EXERCISE DIRECTIONS ▸ Give back every record exactly, with its pictures left out.

————

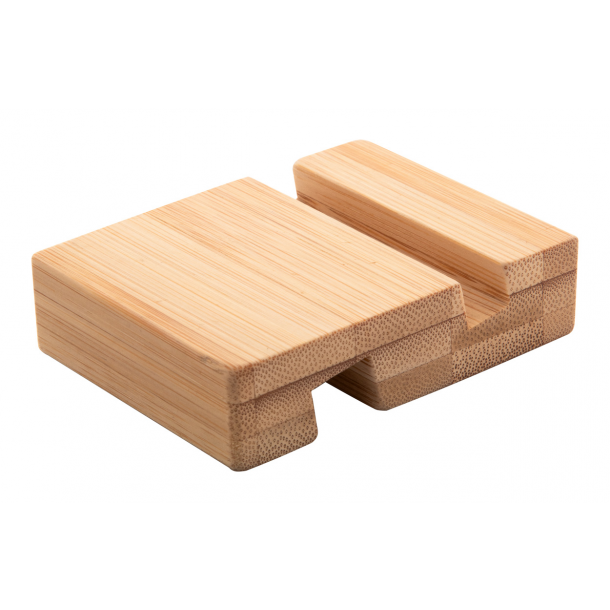 Dubbo - uchwyt na telefon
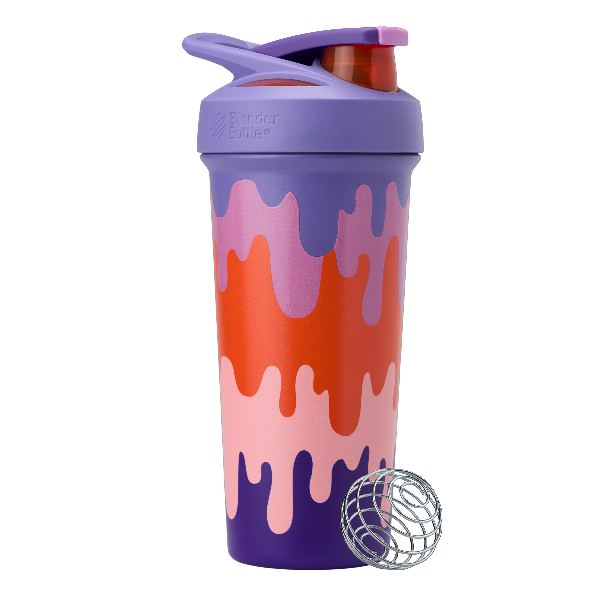 heatwave-d3 BB_Web_25ozStradaSleek_Meltdown_AngledSC_80b5f45e-44a6-4775-9038-d4b871d237fa.png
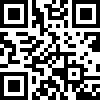 https://isna.ir/xd2NdL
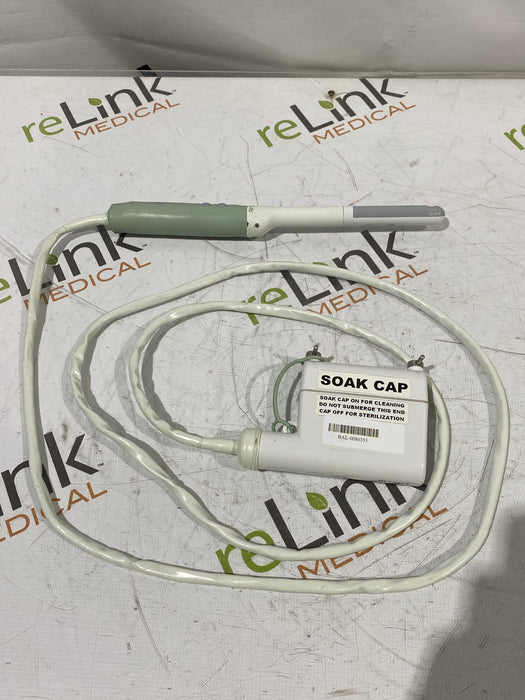 B-K Medical 9048 Transducer E14CL4b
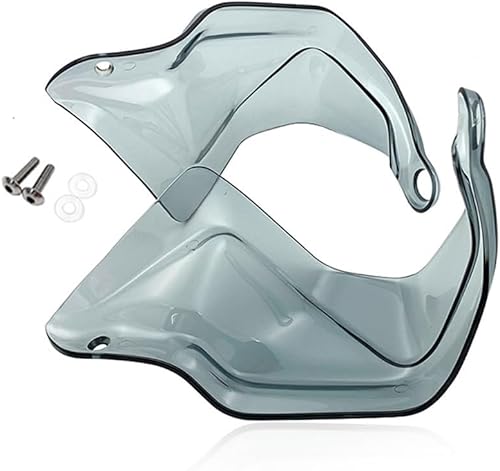 Miniatura 8 de Protector de manillar de parabrisas de motocicleta para B&MW G 310 GS G310 GS R 2017-2022 G310GS G310R Accesorios de motocicleta protectores de mano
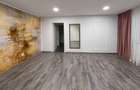 Apartament 2 camere de vanzare, Centru - 3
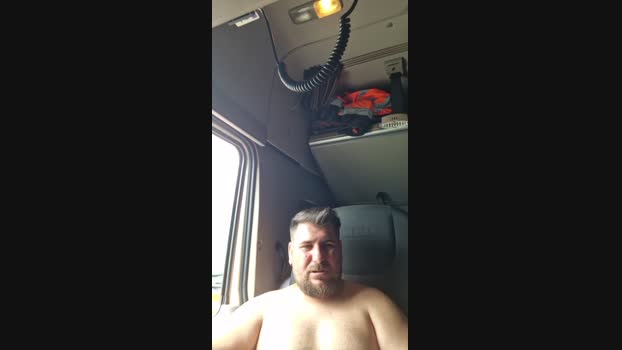 johnwick52  23-07-2023 Recorded Video fingering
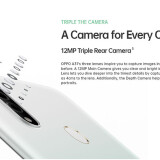 OPPO-A31-1jpg_07-3a73e3e519dfcd6c91849548745ae5f1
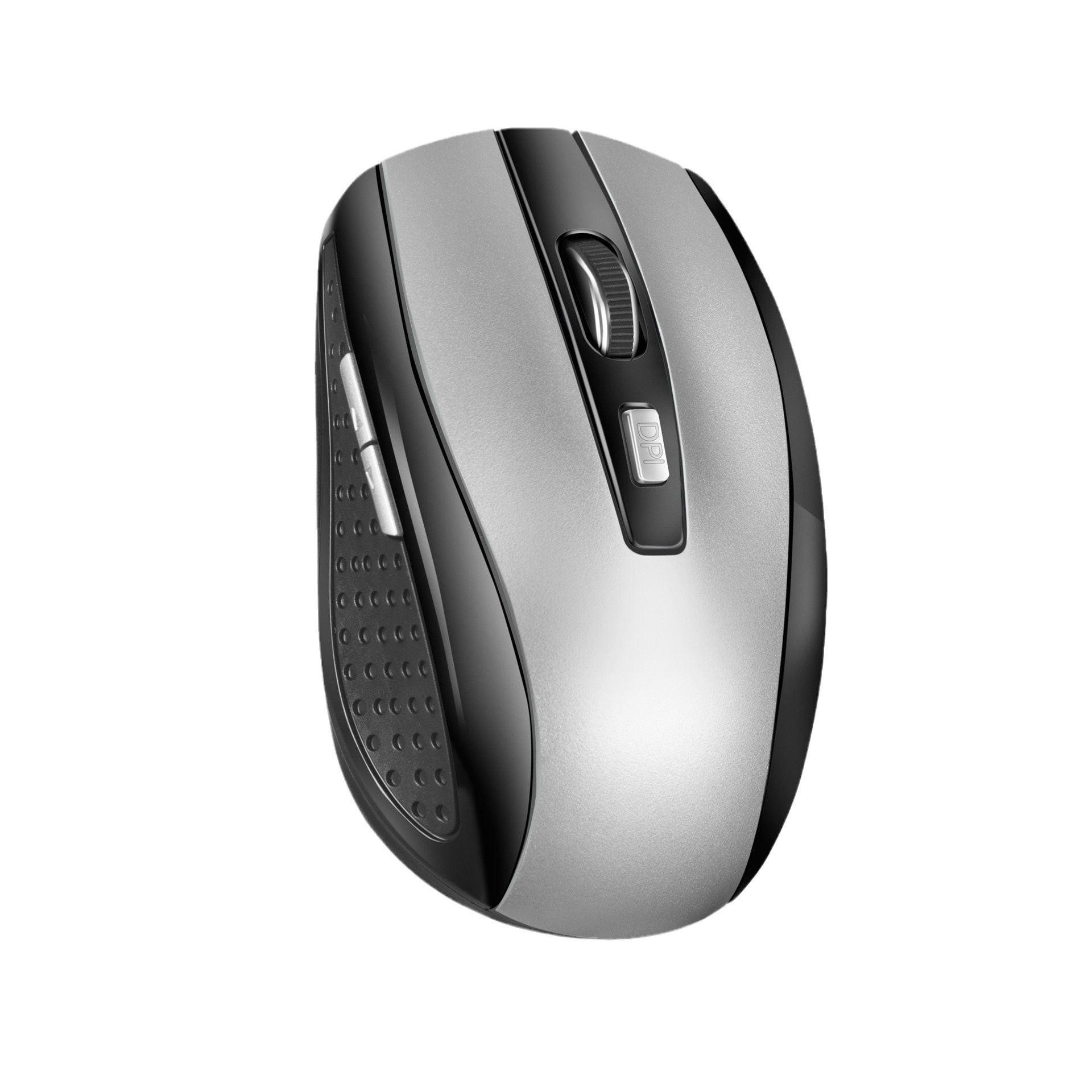Mouse wireless desktop diretto per accessori ottici per computer 7500_voghion.com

————

YOUR SOLUTION ▸
 Dubbo - uchwyt na telefon
 heatwave-d3 BB_Web_25ozStradaSleek_Meltdown_AngledSC_80b5f45e-44a6-4775-9038-d4b871d237fa.png
 https://isna.ir/xd2NdL
 B-K Medical 9048 Transducer E14CL4b
 Miniatura 8 de Protector de manillar de parabrisas de motocicleta para B&MW G 310 GS G310 GS R 2017-2022 G310GS G310R Accesorios de motocicleta protectores de mano
 Apartament 2 camere de vanzare, Centru - 3
 johnwick52  23-07-2023 Recorded Video fingering
 OPPO-A31-1jpg_07-3a73e3e519dfcd6c91849548745ae5f1
Mouse wireless desktop diretto per accessori ottici per computer 7500_voghion.com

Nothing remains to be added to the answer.